All of the data should be reproduced word for word, though its pictures must be omitted.

INFORMATION PROVIDED:
--------------------

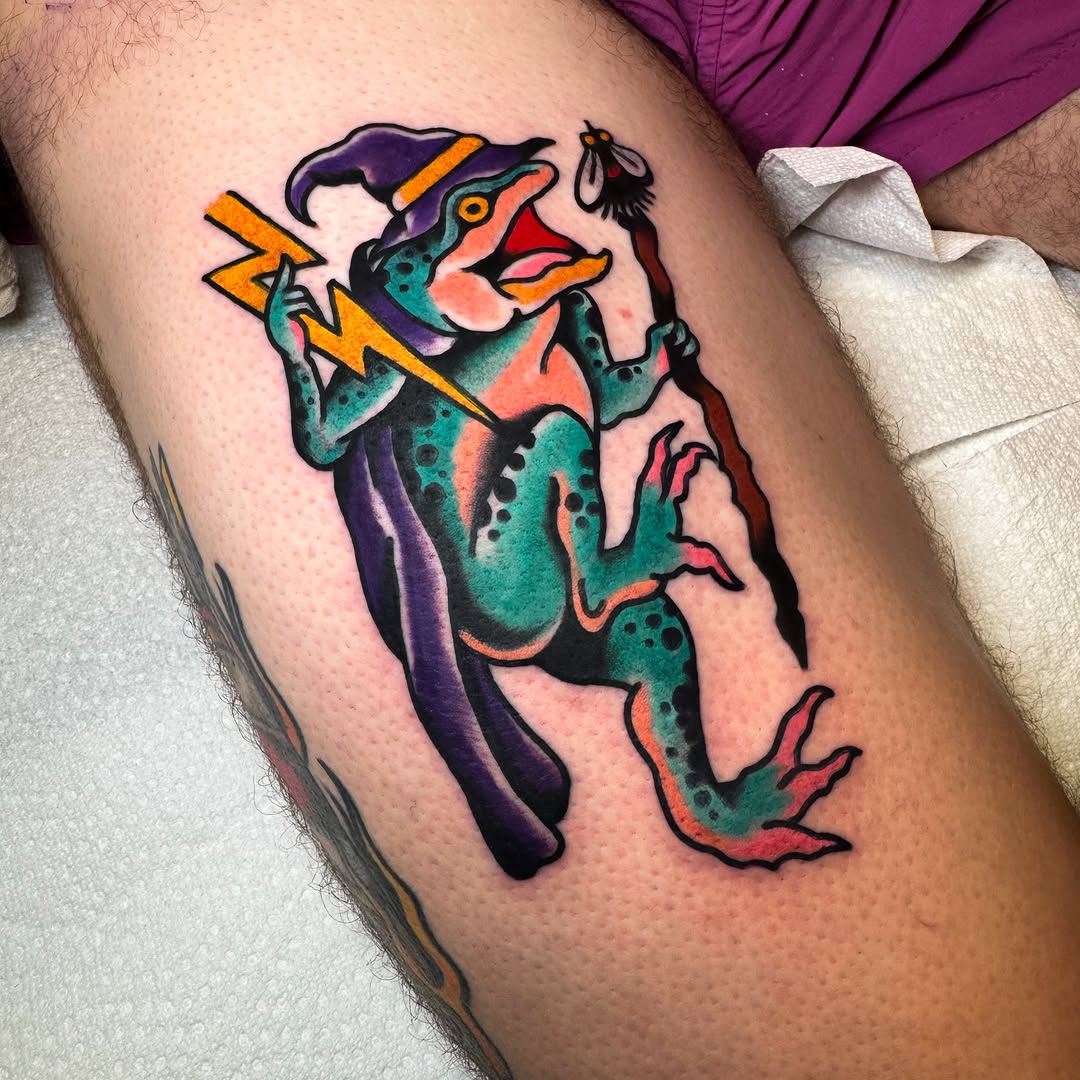 Tattoo by @alexkass_ep — american_traditional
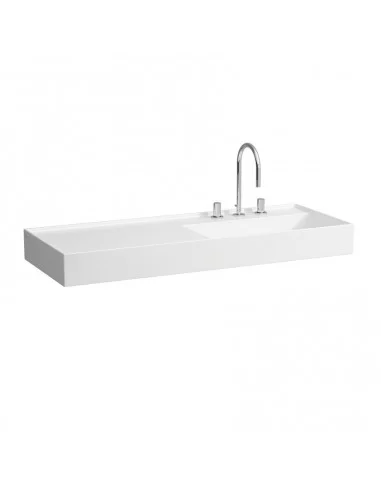 Praustuvas tvirtinamas prie sienos KARTELL BY LAUFEN 1200x460 mm, Laufen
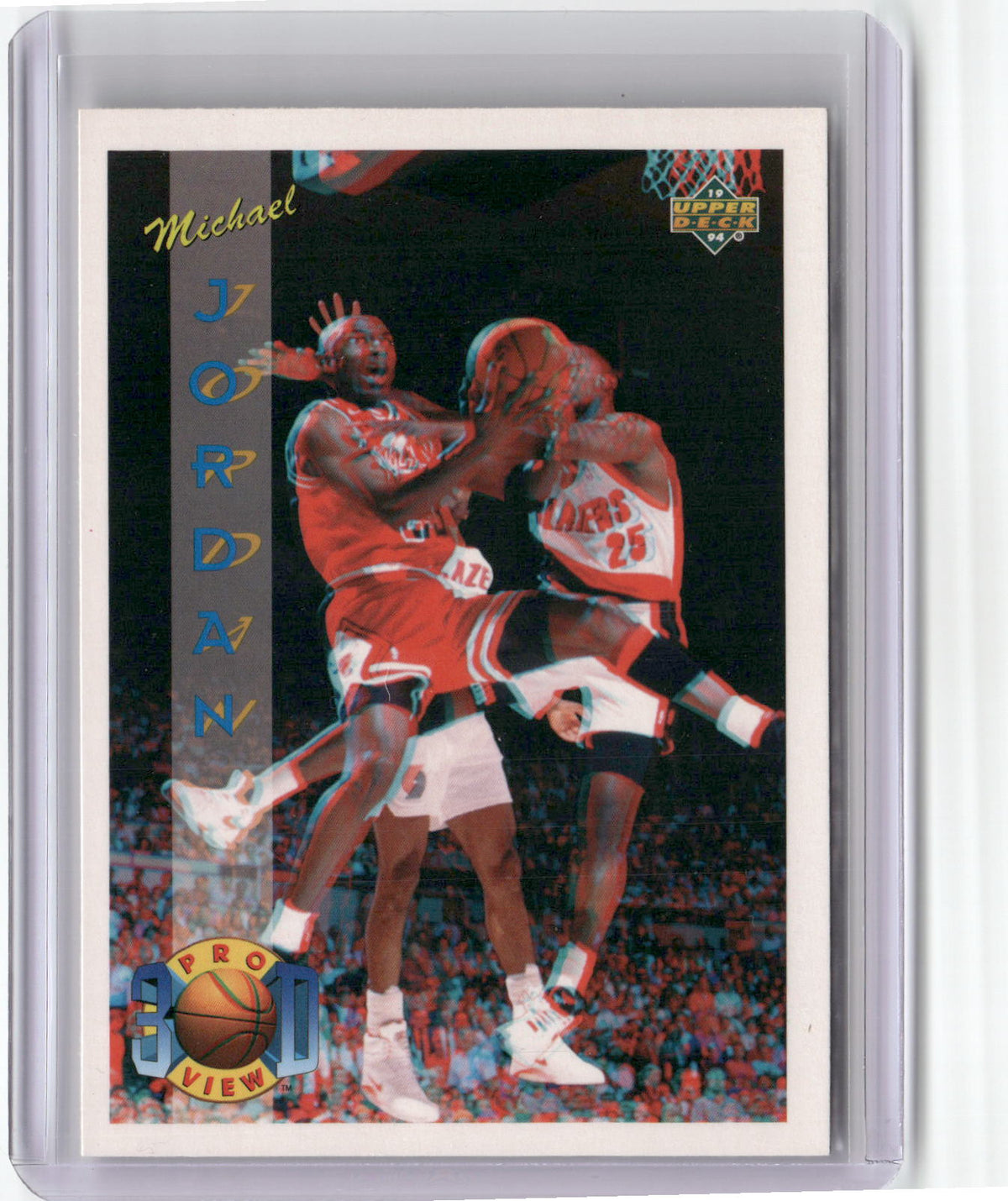 1993-94 Upper Deck Pro View #23 Michael Jordan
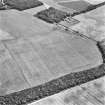 East Field, Inveresk, pit-alignments: oblique air photograph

--------------------

FINISHED TASK:
 Tattoo by @alexkass_ep — american_traditional
 Praustuvas tvirtinamas prie sienos KARTELL BY LAUFEN 1200x460 mm, Laufen
 1993-94 Upper Deck Pro View #23 Michael Jordan
 East Field, Inveresk, pit-alignments: oblique air photograph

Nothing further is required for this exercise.